Nel carcere di San Gimignano primo caso di processo per reato di tortura. Agenti costretti a lavorare in condizioni assurde
Un trasferimento coatto di un detenuto da un reparto a un altro per motivi disciplinari costerà il processo a 5 agenti di polizia penitenziaria. I fatti avvennero l’11 ottobre 2018 nel carcere di Ranza, a San Gimignano: è la prima volta che delle guardie carcerarie finiscono sotto processo per il reato di tortura.
Nessuno vuole entrare nel merito del processo sul quale si esprimeranno i giudici. Ma il reato di tortura è una legge che prevede l’incriminazione delle nostre forze dell’ordine anche in casi del tutto ingiusti.
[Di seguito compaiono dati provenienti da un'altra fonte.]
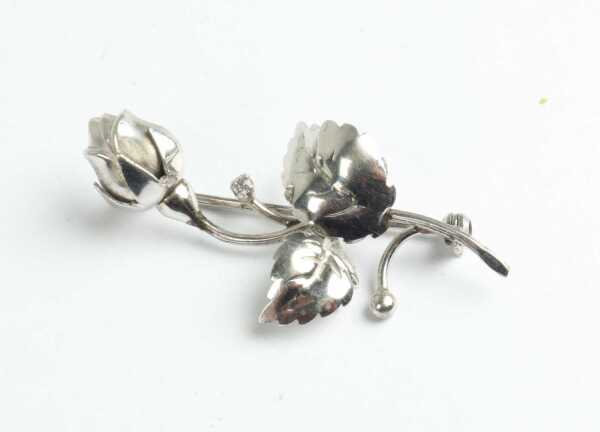 GOLD BROOCH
Da tempo Fratelli d’Italia chiede l’abolizione del reato di tortura. Gli agenti di polizia penitenziaria sono sotto organico, senza dotazioni e sottopagati. Per di più sono costretti ad agire da anni in una situazione di grave di sovraffollamento delle carceri. Lavorano per garantire la sicurezza di tutti ed è grottesco che debbano finire a processo e rischiare loro di subire condanne.
La vittima, secondo le ipotesi dell’accusa, sarebbe stata minacciata e terrorizzata. I fatti sul reato di tortura saranno accertati dal processo, ma è giusto che un agente di polizia rischi la vita e pure un processo se dice parole di troppo per applicare la giustizia?
Sono passati tre anni da quando è entrato in vigore in Italia il reato di tortura (art. 613-bis) e istigazione alla tortura (art. 613-ter). Il processo si celebrerà dopo che il gup di Siena ha rinviato a giudizio i cinque agenti di polizia penitenziaria.
Lo Stato protegga i suoi uomini in divisa
“A prescindere dal merito del procedimento penale” è “il primo effetto di una legge vergognosa contro le Forze dell’Ordine”, ha detto Edmondo Cirielli di Fratelli d’Italia.
“Non certamente perché siamo contrari a punire le torture, ma poiché riteniamo che questa norma sia stata ideata per trasformare in tortura altre condotte illecite e perfino molte altre che non lo sarebbero affatto”, ha aggiunto.
“Violenze anche gravi ai danni degli uomini e delle donne in divisa non vengono spesso punite neanche con un solo giorno di carcere”, ha spiegato Cirielli. “Aver previsto anche per presunte violenze psichiche pene folli e sproporzionate per il nostro ordinamento, nonché” il reato di tortura, “rappresenta una vergogna istituzionale verso i servitori dallo Stato in divisa”.